= Aptian-Albian Cold Snap =

Period of cool climate during the Early Cretaceous
The Aptian-Albian Cold Snap (AACS) was an interval of cool climate during the late Aptian and early Albian stages of the Early Cretaceous epoch. It began about 118 Ma and ended approximately 111 Ma. It has been speculated that an ice age developed during this cool interval.

== Effects ==
Based on δ^{18}O palaeothermometry, global mean surface temperatures during the AACS were about 20.7 °C. There is some evidence that an ice age occurred during the AACS, as glacial dropstones dating to the AACS have been found in sediments deposited in what was then the western Tethys Ocean. In the Cedar Mountain Formation of Utah, the AACS is associated with a decrease in organic sedimentation in Lake Carpenter reflecting a drying trend.
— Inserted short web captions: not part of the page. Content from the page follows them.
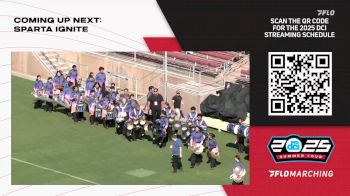 SPARTA IGNITE ""WHAT DREAMS MAY COME"" at 2025 DCI West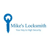 Mike's Locksmith Logotype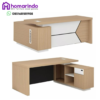 Meja Direktur Modern Eksklusif Homarindo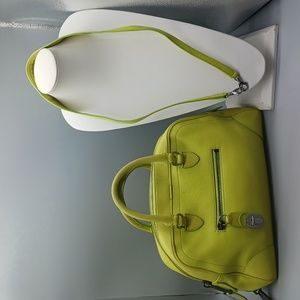 MARC JACOBS THE VENETIA SATCHEL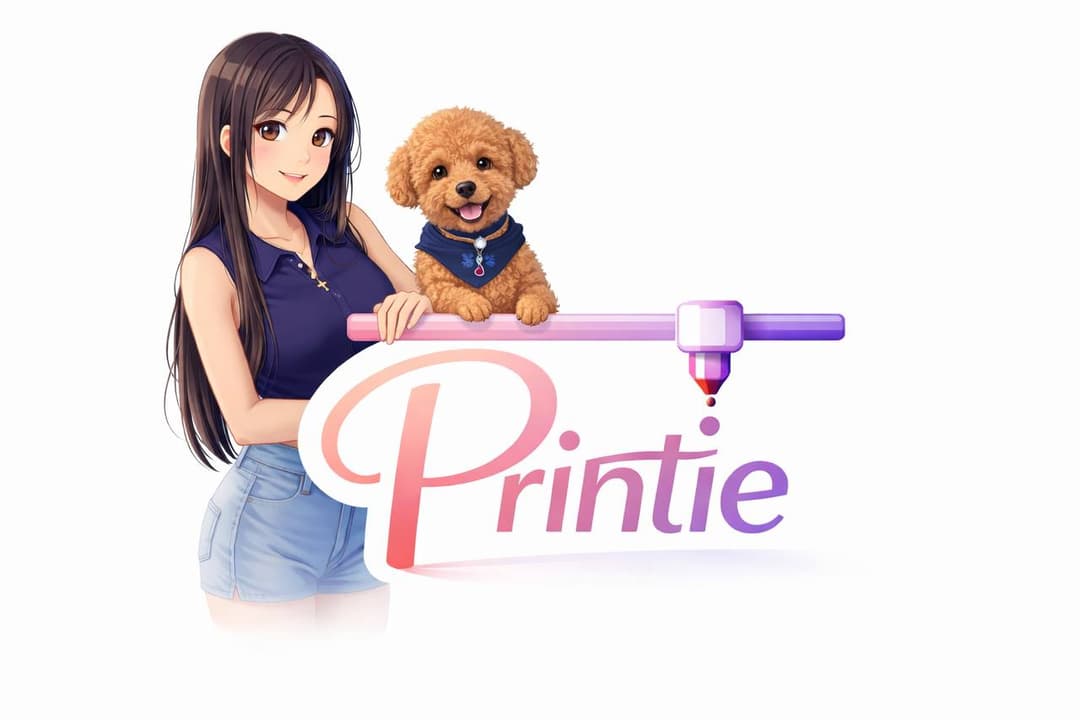 The Printie maker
Mean annual air temperatures in northwestern China, located in the mid-latitudes, were about 15 °C. Furthermore, δ^{18}O palaeothermometry from the Cloverly Formation suggests that relatively cool temperatures persisted for some time after the AACS before a pulse of warming in the late Albian that led to the development of the Middle Cretaceous Hothouse.

During the AACS, chondrodont bivalves have been observed to have colonised carbonate ramps in areas such as the Aralar carbonate platform.